Back in 2014, I had a bit of a bone to pick with Days of Future Past. I actually had no desire to see it, for one reason: the film’s complete butchery of Kitty Pryde. In the comic version of DOFP, she is still a newcomer to the world of superheroism and the story arc is her coming of age in a way. Her older self travels back into the body of her younger self, and it is up to her to reverse the assassination that would eventually propel the state of the mutant community into darkness. Bravely, the story featured Wolverine as a minor character, showing that the X-Men were more than who had become, and still is, their most popular member.
The story’s cinematic iteration is not quite as bold, featuring its poster boy as the film’s de facto starring character. Wolverine is sent back into time by Kitty Pryde, who, in addition to her abilities to phase in and out of a solid state, has been blessed with the mutant ability to send someone back in time to a younger version of themself. This has to be one of the most foolishly contrived plot devices I’ve ever encountered. The creation of an ability for the sake of its carrying forward of the plot is simply too convenient. Imagine if Iron Man, in addition to all of his other abilities, had a computer program designed to carry warheads through wormholes; or if Captain America, besides his super strength, possessed the super-ability to hide from pursuers? Besides, how did Kitty discover that she had this ability? What absurd situation has ever required her to use it before?
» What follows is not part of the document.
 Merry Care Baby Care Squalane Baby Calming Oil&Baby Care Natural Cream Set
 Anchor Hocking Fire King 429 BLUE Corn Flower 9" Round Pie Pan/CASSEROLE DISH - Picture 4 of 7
I watched the film quite bitterly for quite a while, and my opinion changed completely when I got to the infamous “quicksilver scene”. Trapped in a plastic prison, walking into an ambush, prison guards have the X-Men dead to rights. Suddenly, time slows down. Jim Croce’s “Time In a Bottle” plays, and Peter (not Piotr) Maximoff begins weaving his way through the room, moving ten times faster than everything else. He moves the guards fists into a self-attacking position, and moves the bullets coming towards his friends. He even tastes some soup that happens to be flying through the air. Every threat in the room is instantly incapacitated, all in the time it takes Wolverine to push out his claws.
Naturally, each event following this one (which is actually quite insignificant in terms of the grand time travel plot at hand) pales in comparison to its spectacle, comedy, and perfect execution, but the rest of the movie is still an extremely well made political thriller/sci-fi drama. The conflict between mutants and humans fits perfectly into the activism of the 1970s, and the inclusion of President Nixon makes the struggle feel that much more believable.
In the end, the movie rights the wrongs of the franchise’s past, and cleverly connects the new generation of X-men with the old. Although the timeline that it fits into has since been brutally dissected, Days of Future Past‘s aura of excellence is diminished nonetheless.